Basically what I did with all these sources is that I inflated all the older studies’ costs and revenues up to today’s dollars. Then I averaged the per square foot costs and revenues to come up with my numbers. Each of these studies was done a little differently, which means there is some inevitable noise in the data. I isolated a few of the studies to figure out one-time setup costs, and I got my time estimates from J.D. Roth, my own personal experience, and yahoo questions.
I tended to round up for most of theses variables, so the average annual running costs per square foot might have been $0.45 per square foot and the fixed costs might have been $0.06, but I rounded those to $0.50 and $0.10 because they are cleaner numbers. Plus there was already a ton of variance between each study, and on top of that, a newbie gardener is probably going to be pretty cost-inefficient for the first few years. My net yield numbers (revenue minus costs) are pretty much right in line with Gail’s calculated average of $0.74 (I’m at $0.75).
So there you have it.

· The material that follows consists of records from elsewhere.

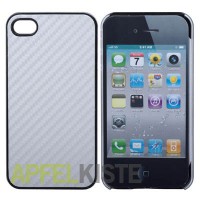 iPhone 4 4G 4S Carbon Hard Case - Silber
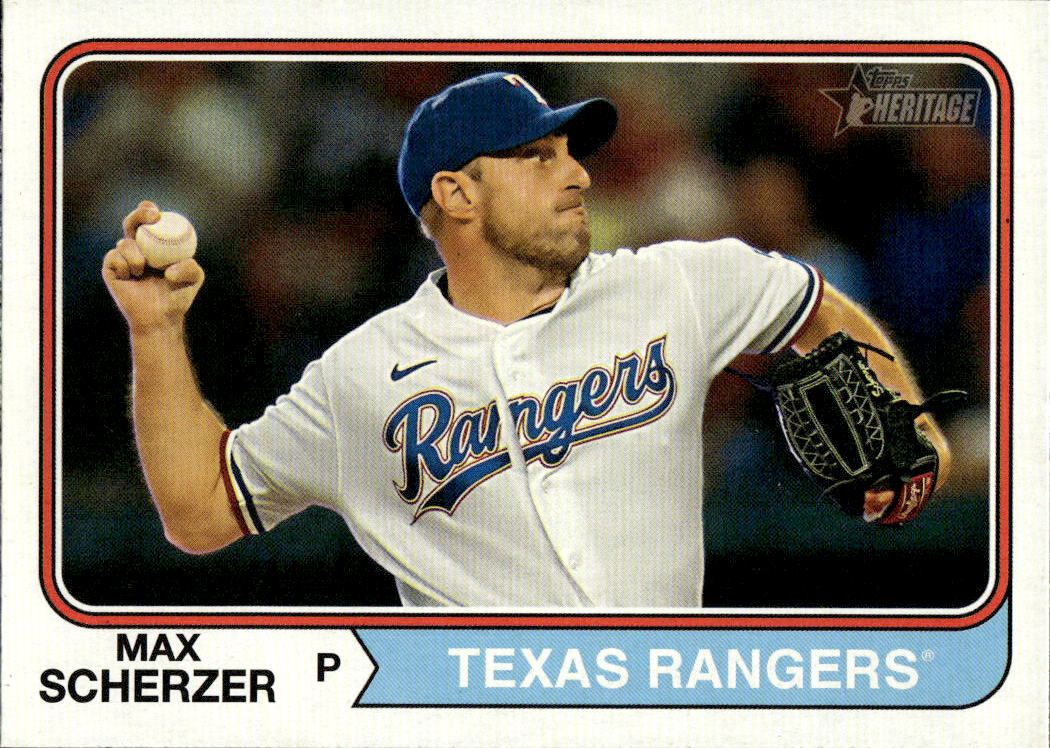 MAX SCHERZER 2023 Topps Heritage High Number Baseball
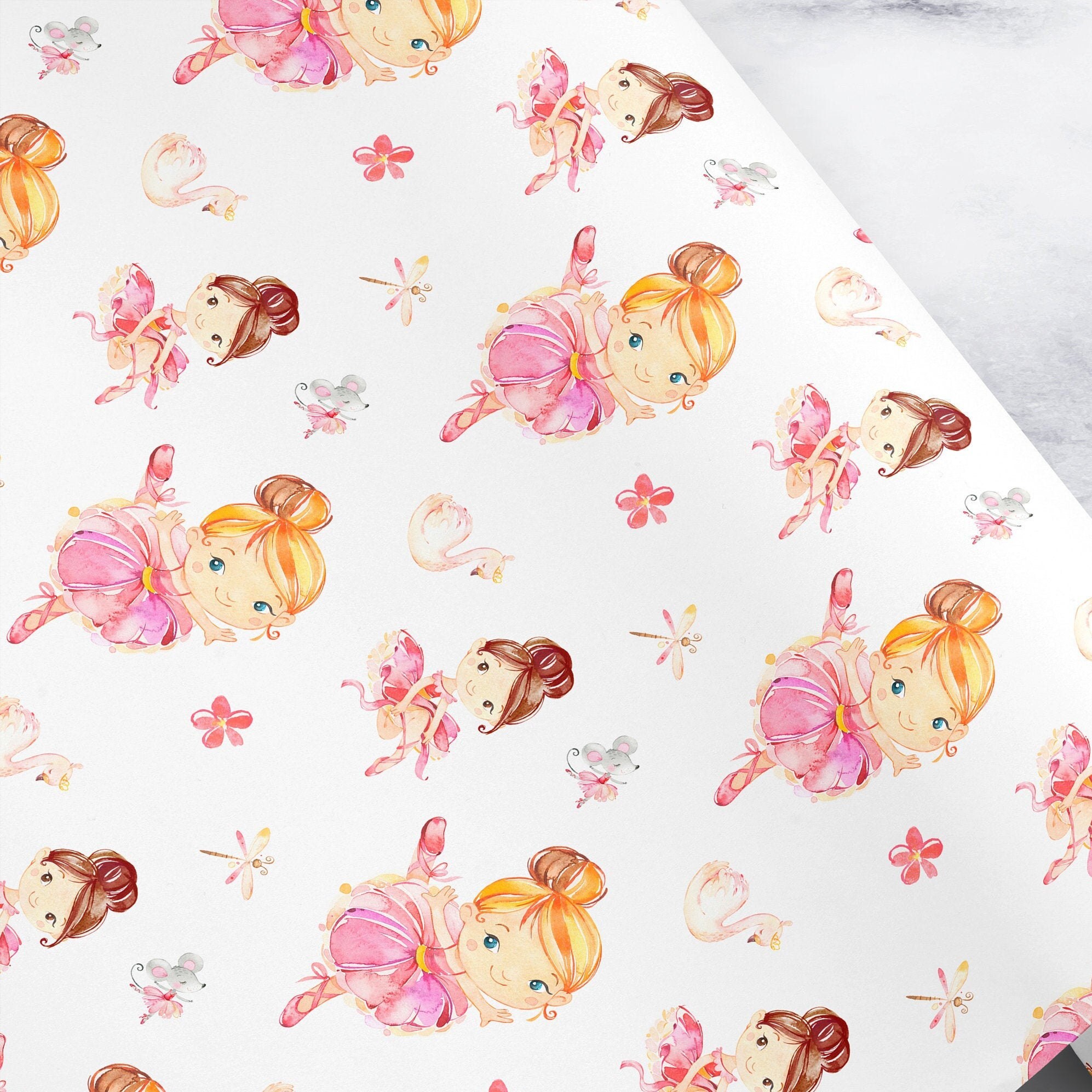 Ballerina Wrapping Paper
 Ballet Girl Wrapping Paper Roll Ballerina Wrapping Paper Etsy UK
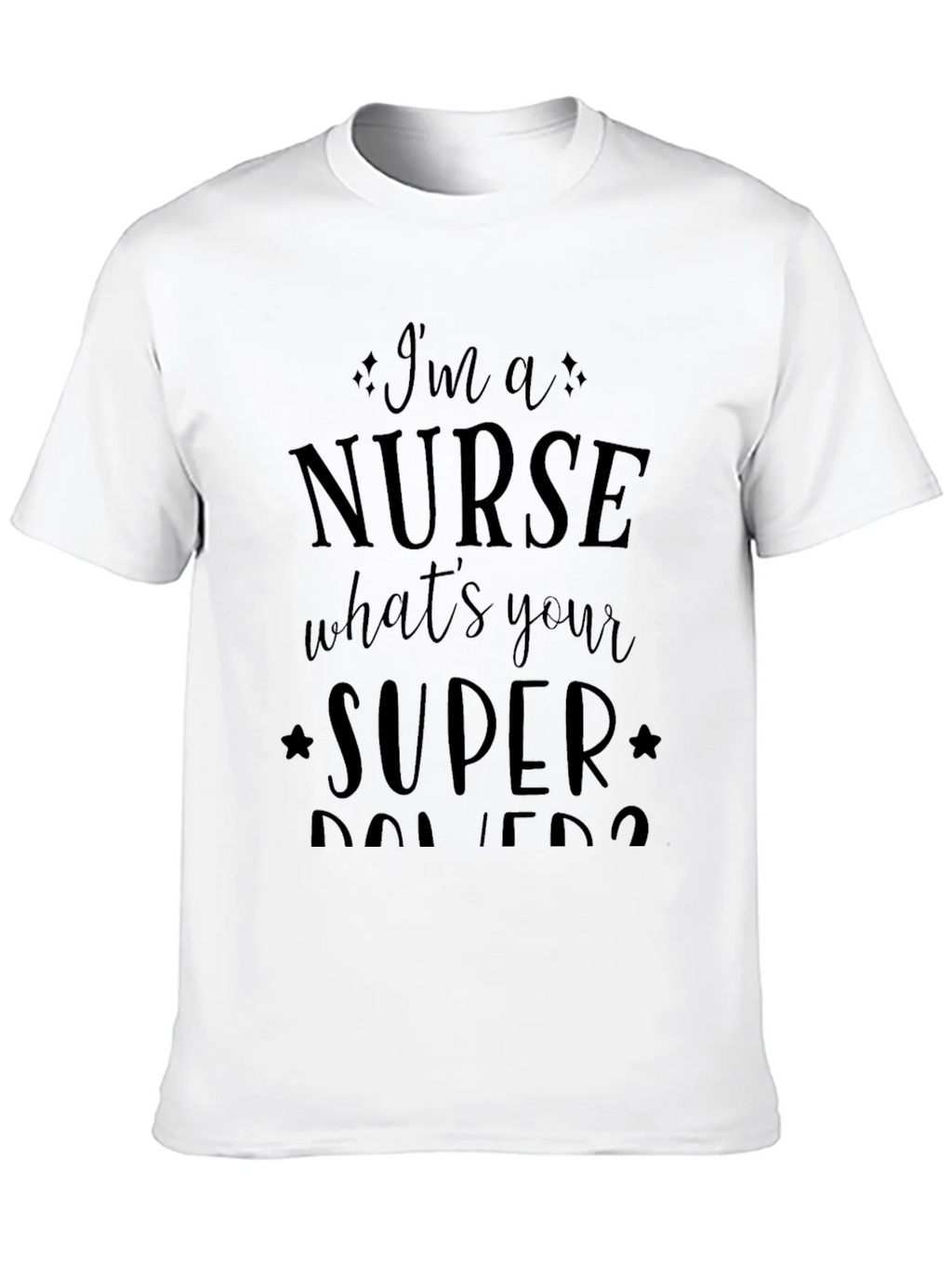 Nurse Superpowers Graphic Tee - Black Unisex T-Shirt product image 9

Happy planting.
So, as I mentioned above, 400 square feet is a lot of space. I would imagine there are some economies of scale with larger gardens, but there are also drawbacks that I didn’t quantify.

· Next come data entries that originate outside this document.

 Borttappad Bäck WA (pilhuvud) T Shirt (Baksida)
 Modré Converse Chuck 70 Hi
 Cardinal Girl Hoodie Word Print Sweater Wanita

First, you may not have that much space. Second, you might end up with way too much food and have to spend extra time preserving, pickling, canning, freezing, and/or fermenting your extra produce just so that none of your hard work goes to waste. This could add a lot of time to your gardening endeavors on a per square foot basis, acting sort of as a reverse economy of scale.
So how about a smaller, 10×10 (100 sq. ft.) garden? This seems like it could be closer to the right amount of food without having to preserve extras, and more realistic for first-time gardeners.
Here are the numbers for a 100-square-foot garden:
So the ROI doesn’t change; it is still a measly 37%, and now the dollar savings (including time costs) are even smaller. For me this further strengthens the argument that, similar to brewing beer, you should garden because you like it, not because it will save you money.
For someone that doesn’t care about the time costs and simply likes gardening or wants to learn (or might even pay to learn), it saves closer to $100 per year on average.
I did tweak a few assumptions here besides the area of the garden. I assumed that your time costs would increase 10% on a per square foot basis because of economies of scale (ex: still need a spade regardless of how big your area is), so 0.11 hours per square foot, or 11 hours for the year. I also assumed that the alternative scenario of grocery store shopping time drops by about 50% because the equivalent amount of groceries needed to replace your garden produce is smaller.
Feel free to download the spreadsheet and mess with the numbers on your own because this is sort of a tricky one, but most of the signs point to a mediocre return on investment on a percentage and total dollar basis.